É nessas circunstâncias ásperas que de monossílabos rosnados entre dentes à mostra a ela é dado conhecer o que se omite dos relatos populares de sua história, além de um tanto mais que a contraria: seria antes bastarda dum Aristocratismo Monocrático que descendente tardia da mítica Democracia Direta, como alardeado por aí, que foi assim chamada para a distinguirem de si desde que sucedeu na carreira teatral e cujo nome correto é 'Democracia', somente - "A verdadeira", sussurram-lhe ao ouvido quando acham por bem humilhá-la.
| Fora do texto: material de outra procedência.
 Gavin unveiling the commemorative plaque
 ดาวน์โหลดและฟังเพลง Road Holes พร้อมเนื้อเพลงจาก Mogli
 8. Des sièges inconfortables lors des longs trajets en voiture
De todo modo, pensa com tristeza para os próprios botões, 'Representativa' ou 'Indireta' são epítetos jamais envergados por ela com conforto, e o pendor que têm para o pejorativo é provável ter sido determinante para que do épico tenha descido à revista e daí à involuntária cortesania, como se fora sempre ou procurasse ser eco, embora vazio, duma ancestral postiça e, ademais, de existência quiçá improvável ou impossível, se confiável é tudo quanto nesses momentos de ignomínia a ira alheia lhe diz. Tanto que começa a apreciar a eventualidade de sem constrangimentos adotar nome bombástico e mais condizente com quem de fato é (e a despeito da pecha da bastardia), o de 'Democracia Oligárquica' ou 'Oligarquia Democrática', a escolha de um dos quais cogita de realizar em concurso que cinicamente confiará a sufrágio universal.
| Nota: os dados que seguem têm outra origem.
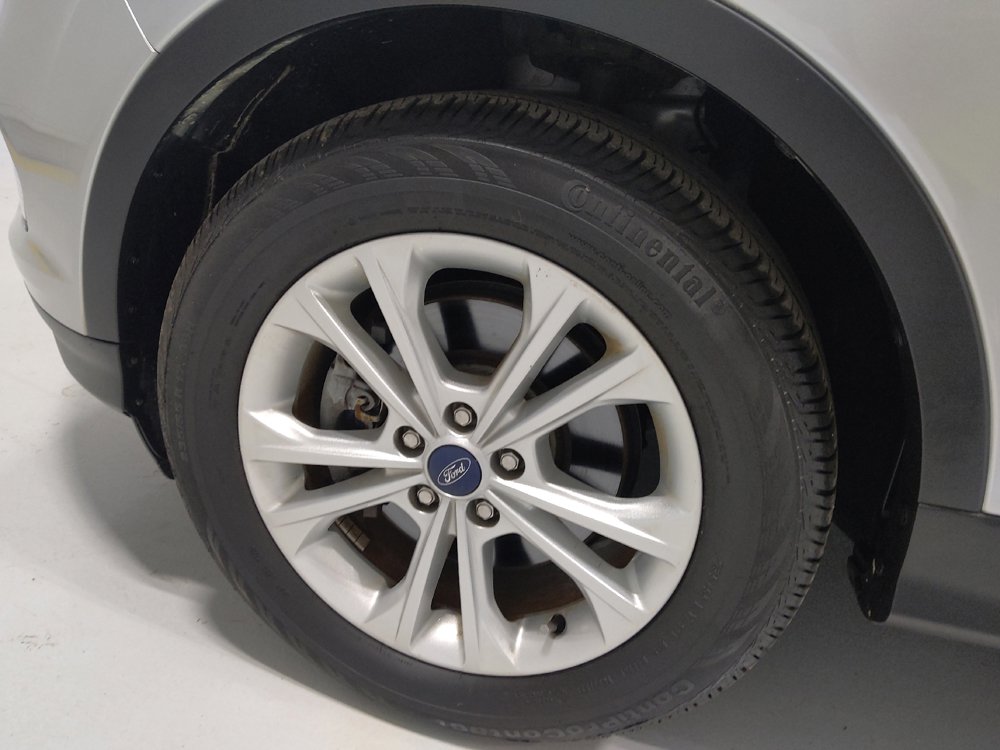 Used 2018 Ford Escape SE image 31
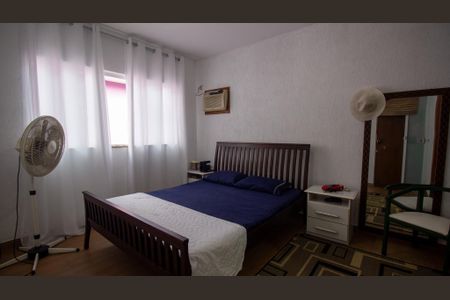 Casa de condomínio à venda com 380m², 3 quartos e 2 vagas Casa de condomínio à venda com 380m², 3 quartos e 2 vagasSuíte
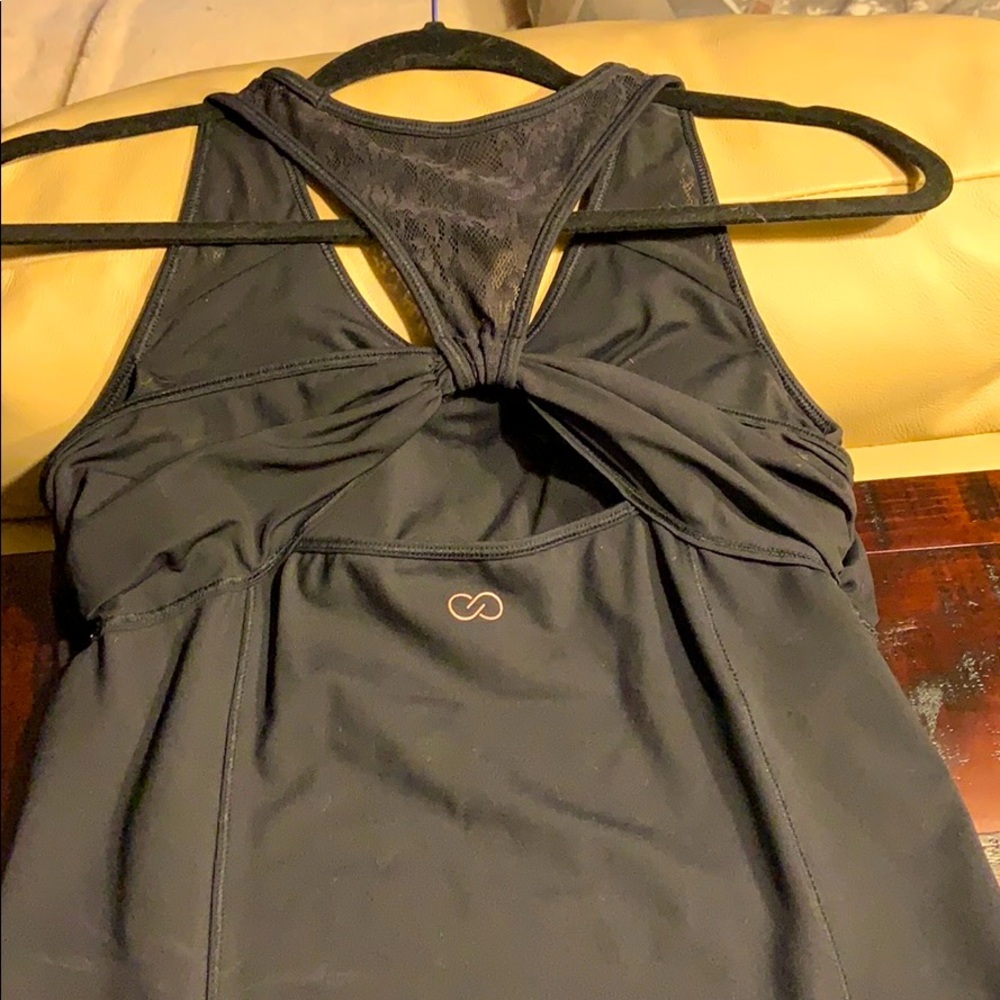 Calla black exercise top with built-in bra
Vinganças à parte, a melancolia dessa alma feminina salta aos olhos depois de reconduzida à função habitual. É dum suspiro fingindo-se de fingido, da clássica pausa para induzir risada ou ovação que se depreendem os amores impedidos, presos, exilados, ou coisa pior, a tragédia de ser ilusão manipuladora e manipulada de quem precisa desse engodo para dar interesse à própria vida. Portanto aproximem-se, senhoras e senhores, não deixem de ver de perto esse espetáculo permanente, enquanto ainda em cartaz; não percam a oportunidade de estar em cena com a última das deusas. A qualquer um é permitido entrar,  ou assim se diz; é claro, desde que possa!

13 abril 2018

O pecado é o mercado

Lê-se no título da matéria: "Jesus não morreu por 'nossos pecados', mas sim por enfrentar o interesse, a conveniência e a cobiça". Não seriam uns as outras três coisas?

Sim, Cristo morreu por tudo isso: isso com que temos concordado, mormente de modo tácito, e contra que até nos insurgimos, mas somente quando alijados da possibilidade de o praticarmos, para que o pratiquemos. O que mais isto seria além de 'os pecados nossos de todos os dias'?
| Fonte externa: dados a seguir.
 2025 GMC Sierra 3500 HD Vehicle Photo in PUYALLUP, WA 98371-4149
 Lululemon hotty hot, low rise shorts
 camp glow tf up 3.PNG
Sempre lembro aos 'cristãos': até onde recordo, Cristo jamais perdeu a linha, exceto uma única vez, e não com o demônio, que o assediou no deserto, nem mesmo com Judas, que vendeu um beijo e por isso matou-se, mas com a presença, na casa d'O Pai, do que julgou merecer toda sua ira em violência física, o 'mercado'.

O que mais o mercado é além do exercício mórbido de desmerecimento recíproco do que possuem de único os indivíduos para sobreviverem neste mundo, a capacidade para o trabalho? A 'pechincha', que até nos diverte, é a semente de toda a discórdia num contrato social permanentemente orientado para seu potencial extremo, o da guerra.

No mito - ou história - cristão, se revoltoso como Barrabás, Jesus teria ido um tanto além de apenas denunciar a exploração pelo homem do trabalho do homem, apontando o que a causa, seu instrumento essencial, esse cujo poder de sedução tem sido o motor do conflito permanente em nome de o possuirmos, de o controlarmos sob a alegação vazia, a promessa enganadora de sermos capazes de retirar de sua natureza malsã algum bom fim.

Foi morto sob a acusação de se dizer 'Filho de Deus', que para bom entendedor era como se perguntasse: "Se eu sou, como não o seria você também?" Morreu por demonstrar a 'Igualdade' com tratar a todos por 'irmãos', aplainando os aclives do poder sobre os vales dos despossuídos.

Pregou o compartilhamento e a dádiva, e com elas o abandono da vã tentativa de medir o trabalho humano com o fim de negociá-lo. Com o escândalo no templo teatralizou a ira justa contra o cinismo de fazer medrarem as raízes de nossas piores diferenças onde habita a razão de sermos todos um só.

São mil, novecentos e setenta e cinco anos de pura zombaria com o terem imolado. Contam-se nos dedos os que entenderam as lições que deixou.